5. Small rural stays or glamping
A few high-quality stay units could work, especially if the offer is calm, local, and connected to the wider region rather than pretending to be another coastal apartment.
But this is hospitality. That means guests, cleaning, reviews, booking platforms, maintenance, seasonality, and constant small details.
- Pilot investment: 80,000-180,000 EUR for 2-3 units depending on unit type, utilities, landscaping, bathrooms, and shared outdoor space.
- Larger setup: 150,000-350,000+ EUR for 4-6 stronger units and a better guest experience.
- Revenue logic: 70-160 EUR/night per unit, with heavy seasonality and occupancy risk.
- Annual revenue range: 30,000-120,000 EUR.
- Annual operating costs: 15,000-50,000 EUR for cleaning, laundry, utilities, platform fees, repairs, guest support, insurance, and replacements.
- Potential net before tax: roughly 15,000-60,000 EUR/year.
This could be a good business, but it is not passive. I would only prioritize it if I wanted the daily rhythm of hospitality or had a strong operating setup.
6. Small-business yard or contractor bays
This is similar to storage, but more B2B: fenced bays, container space, or controlled outdoor storage for small local businesses.
- Pilot investment: 30,000-80,000 EUR for surface, fencing, access, security, and a small number of bays.
- Larger setup: 80,000-200,000 EUR if containers, utilities, better road surface, and more formal bay separation are added.
- Revenue logic: 10-30 bays at 150-400 EUR/month.
- Annual revenue range: 25,000-120,000 EUR.
- Annual operating costs: 8,000-30,000 EUR for maintenance, insurance, security, admin, and vacancy.
- Potential net before tax: roughly 15,000-80,000 EUR/year.
The economics can be attractive, but the fit has to be checked carefully. It can conflict with a premium event or family-estate brand if the layout is not very deliberate.
The current ranking
If I had to rank the ideas today, I would put them like this:
- Secure storage / yard: best first cash-flow test.
- Outdoor family events: best bridge toward the event estate.
- Private event venue: highest upside, highest capital risk.
- Ranch-style concept: interesting only with a serious operator.
- Small rural stays: viable, but hospitality-heavy.
- B2B yard: strong economics, but brand and planning fit need caution.
That ranking may change as soon as real demand shows up. A serious partner with domain expertise can move an idea up the list quickly. A weak legal or operating fit can move it down just as fast.
Open to serious ideas and partnerships
This is where I would genuinely like input.

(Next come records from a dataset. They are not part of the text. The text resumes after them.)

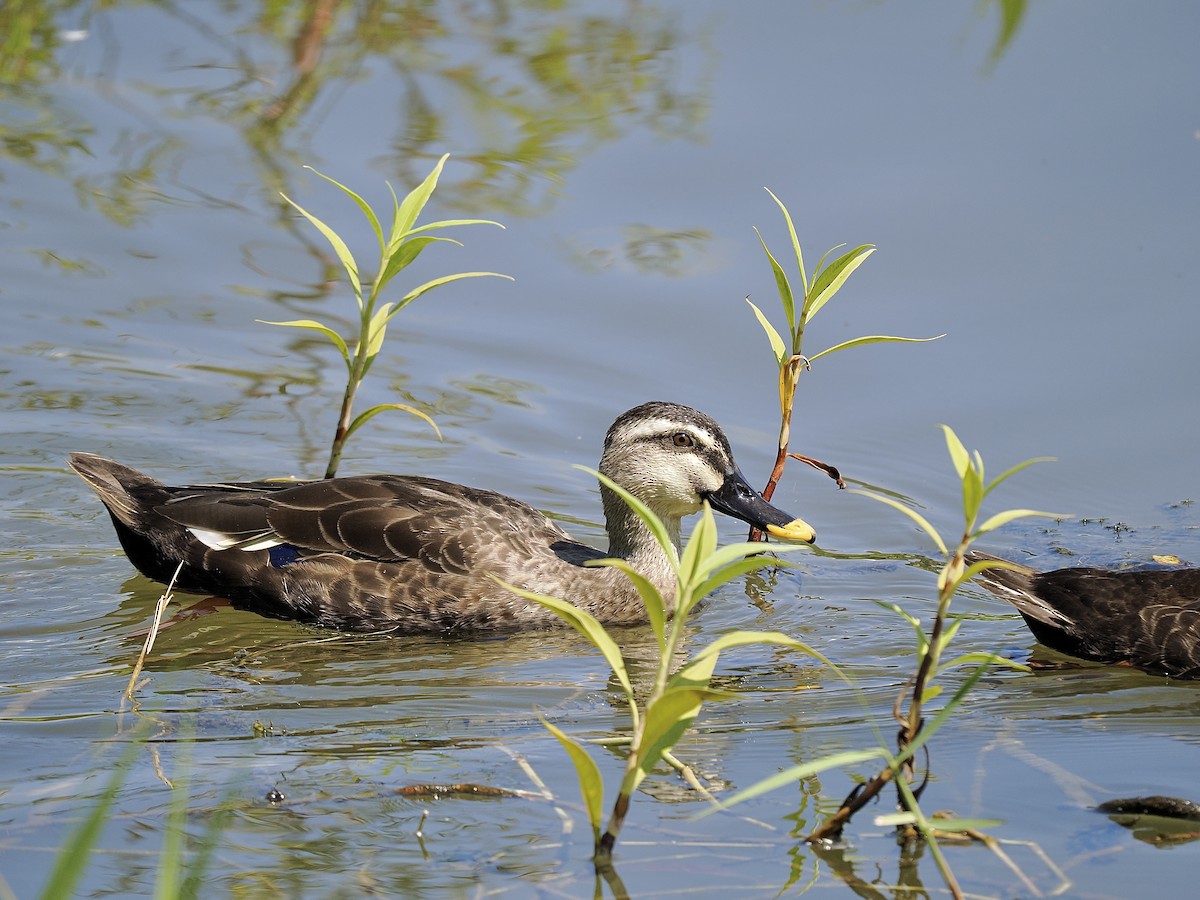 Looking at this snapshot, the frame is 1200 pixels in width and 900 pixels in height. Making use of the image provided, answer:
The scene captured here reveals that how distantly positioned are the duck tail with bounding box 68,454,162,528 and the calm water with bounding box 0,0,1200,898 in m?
0.36

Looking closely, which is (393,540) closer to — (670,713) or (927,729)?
(670,713)

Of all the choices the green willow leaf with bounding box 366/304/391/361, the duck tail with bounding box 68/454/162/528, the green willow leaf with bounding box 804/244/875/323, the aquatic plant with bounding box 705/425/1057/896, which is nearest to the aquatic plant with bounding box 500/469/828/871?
the aquatic plant with bounding box 705/425/1057/896

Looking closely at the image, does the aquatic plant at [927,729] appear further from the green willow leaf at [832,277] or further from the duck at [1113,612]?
the green willow leaf at [832,277]

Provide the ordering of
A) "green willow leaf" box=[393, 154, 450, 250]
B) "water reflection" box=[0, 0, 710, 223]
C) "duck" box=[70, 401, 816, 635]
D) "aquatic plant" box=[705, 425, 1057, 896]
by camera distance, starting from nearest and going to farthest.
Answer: "aquatic plant" box=[705, 425, 1057, 896], "green willow leaf" box=[393, 154, 450, 250], "duck" box=[70, 401, 816, 635], "water reflection" box=[0, 0, 710, 223]

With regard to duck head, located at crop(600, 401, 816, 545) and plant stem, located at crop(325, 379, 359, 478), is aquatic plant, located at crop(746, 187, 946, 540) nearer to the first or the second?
duck head, located at crop(600, 401, 816, 545)

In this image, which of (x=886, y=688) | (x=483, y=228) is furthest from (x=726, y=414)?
(x=886, y=688)

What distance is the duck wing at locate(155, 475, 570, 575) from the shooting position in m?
7.48

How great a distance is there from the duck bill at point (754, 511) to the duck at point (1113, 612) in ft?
3.10

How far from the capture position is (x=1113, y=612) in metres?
6.72

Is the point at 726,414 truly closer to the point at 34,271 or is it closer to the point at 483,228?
the point at 483,228

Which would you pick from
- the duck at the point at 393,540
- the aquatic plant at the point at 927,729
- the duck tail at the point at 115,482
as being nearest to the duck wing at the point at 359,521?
the duck at the point at 393,540

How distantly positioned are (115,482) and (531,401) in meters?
2.55

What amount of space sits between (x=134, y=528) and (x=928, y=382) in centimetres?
443

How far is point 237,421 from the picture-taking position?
8977 mm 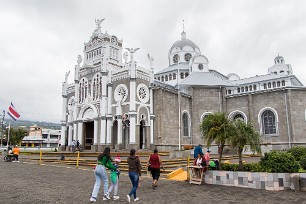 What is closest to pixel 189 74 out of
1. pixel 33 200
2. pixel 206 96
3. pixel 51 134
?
pixel 206 96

If you have operated something similar, or if you have a concrete business idea that could fit this kind of land, I am open to hearing it. I am especially interested in people who bring practical operating knowledge: events, rural tourism, horses, storage, family entertainment, outdoor hospitality, local food, sports, or other land-based businesses.
I am less interested in generic brainstorming and more interested in the details that decide whether a business works:
- What did the first version cost?
- What did customers actually pay for?
- What broke earlier than expected?
- Which permits, insurance, or operational issues mattered most?
- What would you avoid if you were starting again?
If you have a concrete idea, relevant experience, or a possible partnership angle, send me a note at [email protected].
For now, the plan is not to rush into the biggest build. The plan is to find the smallest serious test that teaches something true.